Sunday 9 August 2020

Three nasty netcode bugs we fixed around Blightbound's launch

In the weeks before and after the Early Access launch of our new game Blightbound we've been fixing a lot of bugs, including 3 very stubborn netcode bugs. They weren't any fun while we were looking for them for days, but now that we've found and fixed these they're actually quite intriguing. So today I'd like to share 3 of the more interesting bugs I've seen in the past few years.
While these bugs mostly say something about issues in our code, I think they're also nice examples of how complex low level netcode is, and how easy it is to make a mistake that's overlooked for years, until a specific circumstance makes it come to the surface. All three of these bugs were also in the code of our previous game Awesomenauts, but none of them actually occurred there due to the different circumstances of an Awesomenauts match compared to a Blightbound party.

The one thing all three of these bugs have in common is that they were very hard to reproduce. While they happened often enough to be game-breaking, they rarely happened in testing. This made them very hard to find. For the first two we found a way to reproduce them after a lot of experimenting, while for the final one we never got it ourselves until we had figured out the solution and knew exactly how to trigger it. Finding that one without being able to see it was some solid detective work by my colleague Maarten.

Endless loading screens number 1

This bug occasionally caused clients to get stuck in the loading screen forever. After adding additional logging we saw that the client never received the HostReady message. This is a message that the host sends to the clients to let them know that loading is done and they should get into the game. The client was forever waiting for that HostReady message. Upon further investigation it turned out that the host did actually send the message, but the client received it and then threw it away as irrelevant. Why was that? 

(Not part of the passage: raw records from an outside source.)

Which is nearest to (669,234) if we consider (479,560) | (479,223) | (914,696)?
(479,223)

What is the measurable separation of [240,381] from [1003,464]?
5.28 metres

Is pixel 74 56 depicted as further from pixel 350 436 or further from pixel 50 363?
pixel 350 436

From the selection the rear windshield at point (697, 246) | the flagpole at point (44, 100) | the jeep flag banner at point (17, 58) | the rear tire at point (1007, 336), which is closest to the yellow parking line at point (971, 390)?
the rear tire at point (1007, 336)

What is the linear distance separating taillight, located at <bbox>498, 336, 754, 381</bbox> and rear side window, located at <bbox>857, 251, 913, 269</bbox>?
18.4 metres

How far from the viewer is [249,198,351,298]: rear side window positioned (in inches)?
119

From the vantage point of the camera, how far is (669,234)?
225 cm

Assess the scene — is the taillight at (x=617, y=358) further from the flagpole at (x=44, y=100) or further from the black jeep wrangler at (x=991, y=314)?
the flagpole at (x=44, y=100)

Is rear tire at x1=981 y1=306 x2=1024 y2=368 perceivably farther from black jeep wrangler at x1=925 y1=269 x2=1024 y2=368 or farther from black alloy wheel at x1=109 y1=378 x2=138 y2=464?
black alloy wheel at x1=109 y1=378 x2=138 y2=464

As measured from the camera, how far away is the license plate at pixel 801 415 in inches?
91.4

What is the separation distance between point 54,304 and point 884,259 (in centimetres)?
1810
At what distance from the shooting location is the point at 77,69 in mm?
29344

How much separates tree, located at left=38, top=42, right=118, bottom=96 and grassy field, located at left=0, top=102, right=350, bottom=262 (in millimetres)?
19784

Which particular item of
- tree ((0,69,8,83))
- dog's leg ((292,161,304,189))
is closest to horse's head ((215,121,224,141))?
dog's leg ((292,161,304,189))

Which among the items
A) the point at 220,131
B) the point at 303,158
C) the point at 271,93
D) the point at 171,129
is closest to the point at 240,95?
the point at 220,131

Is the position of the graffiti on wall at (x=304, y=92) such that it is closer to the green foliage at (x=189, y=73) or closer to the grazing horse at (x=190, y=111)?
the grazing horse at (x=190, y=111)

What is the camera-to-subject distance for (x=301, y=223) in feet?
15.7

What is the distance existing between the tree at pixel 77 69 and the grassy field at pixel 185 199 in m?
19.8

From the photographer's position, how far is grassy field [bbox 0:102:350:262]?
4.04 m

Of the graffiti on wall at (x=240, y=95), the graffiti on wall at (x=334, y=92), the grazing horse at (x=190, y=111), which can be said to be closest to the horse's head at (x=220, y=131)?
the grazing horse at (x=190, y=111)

To answer that question, I need to give some background information. An issue with the internet is that it's highly unreliable. Packets can be lost altogether and they can also come in out-of-order or come in very late. One odd situation this can cause, is that a message from a previous level can come in once you're already in the next level, especially if loading times are very low. Applying a message from the previous level to the next level can cause all kinds of weird situations, so we need to recognise such an outdated message and throw it away. We do this with a simple level ID that tells us which level the message belongs to. If we get a message with the wrong level ID, we discard it.

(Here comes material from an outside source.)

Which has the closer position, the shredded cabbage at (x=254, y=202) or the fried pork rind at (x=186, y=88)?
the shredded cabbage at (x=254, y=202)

That's simple enough, but we saw that both client and host were in the loading screen for the next level. Why then would the client discard the HostReady message as being from the wrong level? The reason turned out to be in our packet ordering system. Some messages we want to process in the order in which they are sent. So if one message goes missing, we store the ones after it and don't process them until the previous missing one is received and handled.

The bug turned out to be in that specific piece of code: the stored messages didn't store their level ID. Instead, when they were released, we used the level ID for the message that had just come in. This went wrong when a message from the previous level went missing and came in a second or two too late. By that time the HostReady message had already been received, but had been stored since it needed to be processed in order. Since the level ID from the previous room was used for all out-of-order messages, the HostReady message was processed as if it came from the previous room. Thus it was discarded.

I imagine reading this might be mightily confusing, so hopefully this scheme helps explain what went wrong:

Once we had figured this out, the fix was simple enough: store the level ID with each message that is stored for later processing, so that we know the correct level ID  when we get to it.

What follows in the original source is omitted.